Three Sisters – 4/5 Stars
For all the talk about Chekhov and his plays, he didn’t write THAT many of them. He wrote a ton of stories though. This play immediately draws some connections in my mind to King Lear because as the title suggests, we are dealing with Three Sisters and their various prospects in the world. They are off living in the middle of nowhere, and as happens when you are of some kind of monied class (not that I ever have been, but in the sense of what happens in stories) is that you immediately find any kind of distraction or person or event to do immensely interesting. And so the sisters here, whether married or not are dealing with those kinds of events coming and going in their lives as they live out there.
And so some potential suitors role through, some conversations happen, and it’s all very exiting and interesting.
It’s funny to me how often this kind of setup happens in literature. I started with King Lear, but the setup is not that different from say Sense and Sensibility, to some degree Pride and Prejudice, and most definitely Little Women, all of which Chekhov may have read.

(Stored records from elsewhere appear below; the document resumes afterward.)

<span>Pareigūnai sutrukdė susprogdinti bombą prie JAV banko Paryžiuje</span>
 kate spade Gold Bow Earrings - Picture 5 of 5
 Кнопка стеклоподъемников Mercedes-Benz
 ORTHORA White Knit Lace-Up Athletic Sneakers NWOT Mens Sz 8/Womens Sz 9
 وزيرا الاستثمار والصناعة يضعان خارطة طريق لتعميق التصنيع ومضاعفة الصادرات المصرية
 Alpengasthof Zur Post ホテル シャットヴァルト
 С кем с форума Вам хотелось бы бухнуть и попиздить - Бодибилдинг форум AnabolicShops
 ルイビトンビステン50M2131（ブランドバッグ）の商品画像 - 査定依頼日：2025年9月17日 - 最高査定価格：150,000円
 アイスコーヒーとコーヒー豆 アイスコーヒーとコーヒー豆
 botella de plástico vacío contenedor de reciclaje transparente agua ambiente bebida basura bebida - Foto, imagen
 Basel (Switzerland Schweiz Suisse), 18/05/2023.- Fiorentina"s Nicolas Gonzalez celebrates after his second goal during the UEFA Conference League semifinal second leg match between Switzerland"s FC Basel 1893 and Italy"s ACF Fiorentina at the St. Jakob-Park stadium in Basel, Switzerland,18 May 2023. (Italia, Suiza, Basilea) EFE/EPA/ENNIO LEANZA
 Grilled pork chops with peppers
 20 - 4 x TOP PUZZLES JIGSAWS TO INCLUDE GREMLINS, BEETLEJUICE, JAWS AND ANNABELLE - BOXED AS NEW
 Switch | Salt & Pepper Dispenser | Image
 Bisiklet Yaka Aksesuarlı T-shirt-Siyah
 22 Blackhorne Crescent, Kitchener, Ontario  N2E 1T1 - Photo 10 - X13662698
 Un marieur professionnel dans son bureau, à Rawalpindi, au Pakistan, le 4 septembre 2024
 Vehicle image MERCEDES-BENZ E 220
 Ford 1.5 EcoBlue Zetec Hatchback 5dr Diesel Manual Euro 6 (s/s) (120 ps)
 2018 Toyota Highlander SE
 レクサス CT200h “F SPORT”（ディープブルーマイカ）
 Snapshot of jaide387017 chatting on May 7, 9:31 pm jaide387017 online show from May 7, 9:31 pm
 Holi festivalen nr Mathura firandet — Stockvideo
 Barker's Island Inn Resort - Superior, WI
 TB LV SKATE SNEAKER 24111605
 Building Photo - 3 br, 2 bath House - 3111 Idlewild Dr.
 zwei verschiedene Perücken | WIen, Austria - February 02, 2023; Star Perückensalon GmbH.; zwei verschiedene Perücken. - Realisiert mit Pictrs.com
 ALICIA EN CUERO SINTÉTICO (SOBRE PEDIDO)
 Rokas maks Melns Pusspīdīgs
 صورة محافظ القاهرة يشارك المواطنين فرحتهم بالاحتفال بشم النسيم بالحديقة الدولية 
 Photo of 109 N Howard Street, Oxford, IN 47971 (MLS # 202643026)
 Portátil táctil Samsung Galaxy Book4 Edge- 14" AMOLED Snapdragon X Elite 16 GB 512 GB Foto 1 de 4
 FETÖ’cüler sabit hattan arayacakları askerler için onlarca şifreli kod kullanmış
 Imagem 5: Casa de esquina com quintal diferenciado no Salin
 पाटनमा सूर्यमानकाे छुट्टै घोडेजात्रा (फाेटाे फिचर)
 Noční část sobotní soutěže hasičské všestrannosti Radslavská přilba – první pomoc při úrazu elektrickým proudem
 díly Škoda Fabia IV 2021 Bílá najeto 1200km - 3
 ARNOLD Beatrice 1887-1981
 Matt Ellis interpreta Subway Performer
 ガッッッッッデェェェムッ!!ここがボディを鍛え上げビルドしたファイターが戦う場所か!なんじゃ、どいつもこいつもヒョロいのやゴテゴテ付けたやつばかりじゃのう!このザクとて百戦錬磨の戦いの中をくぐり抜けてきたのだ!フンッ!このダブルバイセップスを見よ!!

But for me what came across as different is that these stories tend to be the domain of women to write about, or have been in some of the most obvious examples (I know I mentioned King Lear, but that one doesn’t quite count, but its counterpoint A Thousand Acres ABSOLUTELY counts in this regard).
The Seagull – 4/5 Stars
I have to confess that the trailer for the new movie The Seagull looks absolutely dreadful to me. I don’t know why but the music they played, the mishmash of inconsistent and absurd accents (I mean don’t they know that all Russians should be played by either British people or people affecting terrible Russian accents?), and so I figured I would just read the play and wait to maybe see the movie.
The play takes place out in the country in a few scenes spread out over several years. This seems to be a kind of escape from real life kind of place where famous writers and famous actors and non-famous writers intermingle. Sometimes a young maiden gets her life ruined and other times a melancholic woman saddles a poor young writer with the burden of herself. Sometimes doctors prescribe powders and sometimes school teachers disappoint. Anyway, a lot is going on.
It’s about the nature of art and whether art comes from inspiration or adaptation of real life or what it means to be appreciated for one’s writing, how to rank oneself against others, and how to make a go at it.
It’s also about whether or not life and art can coincide or if an artist is necessarily on the outside looking in.